En el país de las leyendas del Rey Arturo



Si hay una región europea anclada en su pasado místico y legendario esa es Bretaña. En el noroeste de Francia, muy cerca de la bellísima Punta del Raz en el Finisterre galo, surge un mundo mágico y envolvente repleto de hadas, duendes y gigantes con una leyenda eterna: la del Rey Arturo, acompañado por los caballeros de la Mesa Redonda, y su inseparable Merlín.

Para captar y adentrarse en ese mundo imaginario de las leyendas bretonas no hay nada como aventurarse a través de los bosques y matorrales de espinos de esta Bretaña celta con el mar siempre presente y un interior, "el país de los árboles", enigmático y misterioso. 

El bosque de Broceliande, a solo unos kilómetros de Rennes, la capital bretona, constituye el punto de partida para profundizar en las leyendas artúricas. Broceliande es el nombre mítico del actual bosque de Paimpont, un vestigio de la masa forestal que cubría el corazón de esta península en la Edad Media. Fue en este sombrío bosque donde los caballeros de la Mesa Redonda encontraron un decorado perfecto a la medida de su destino: la búsqueda del Santo Grial, escondido en los bosques de la pequeña Bretaña. 
 
Así lo atestiguan algunos libros del siglo XII, guardados en la Abadía de Paimpont -el corazón del bosque-, que también recogen las andanzas de Merlín, el amigo y consejero del Rey Arturo, y el huésped más famoso de este bosque que también "esconde" su tumba, siempre abarrotada de turistas, y la "fuente de la eterna juventud". Merlín, enamorado del hada Viviana, la "dama del Lago" en el castillo de Comper, pasó a la historia mucho antes de que Walt Disney le catapultara hacia el estrellato en el siglo XX. 

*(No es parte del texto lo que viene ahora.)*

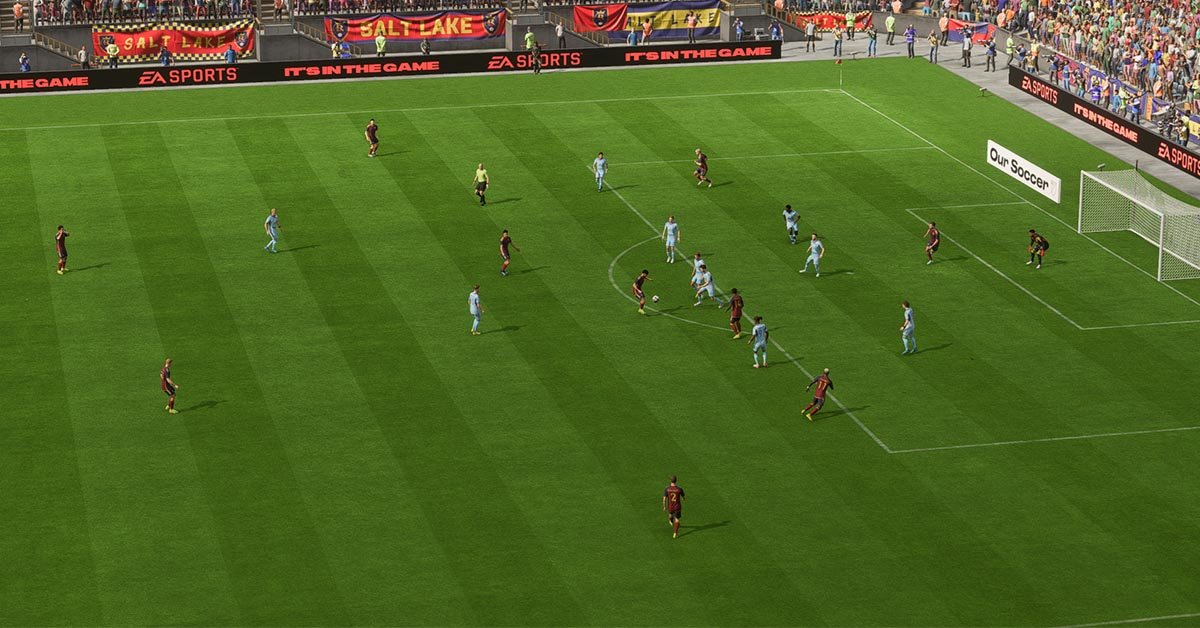 EA FC 24 Offside Not Working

Ya hablaban de él y sus poderes mágicos las leyendas enraizadas en las continuas guerras libradas en el siglo VI por los celtas y los invasores sajones que sugerían la unidad entre Bretaña la Grande, la actual Inglaterra, y la Pequeña, entonces llamada Armónica. 

Hoy, los seguidores de los relatos del Rey Arturo y de Merlín tienen en el Centro del Mundo Imaginario Artúrico un "filón" a explotar. Situado en el castillo de Comper, está dirigido por un grupo de investigadores y artistas enamorados de este bosque del que se tiene noticia desde hace mil años. En su interior se ofrece una exposición interactiva de todos los personajes de la leyenda -descubriendo a un mago Merlín más salvaje y loco- y de la rica mitología celta.

Luego hay que adentrarse en este bosque de 7.000 hectáreas para admirar algunos de sus árboles milenarios. Robles y hayas se siguen imponiendo a los numerosos pinos que han crecido sobre todo a raíz del incendio de 1990 -un castaño de oro recuerda esa tragedia natural junto a otros árboles negros quemados-, pero uno de esos ejemplares milenarios destaca por encima de todo: el roble de Guillotin, llamado así porque en su interior se refugió un sacerdote con ese nombre durante la Revolución Francesa. "Hoy los niños piden permiso a este árbol -comenta Nicolas Mazzalira, director del centro- para visitar el parque, mientras que los mayores vienen aquí a encontrarse espiritualmente y sanarse de alguna enfermedad".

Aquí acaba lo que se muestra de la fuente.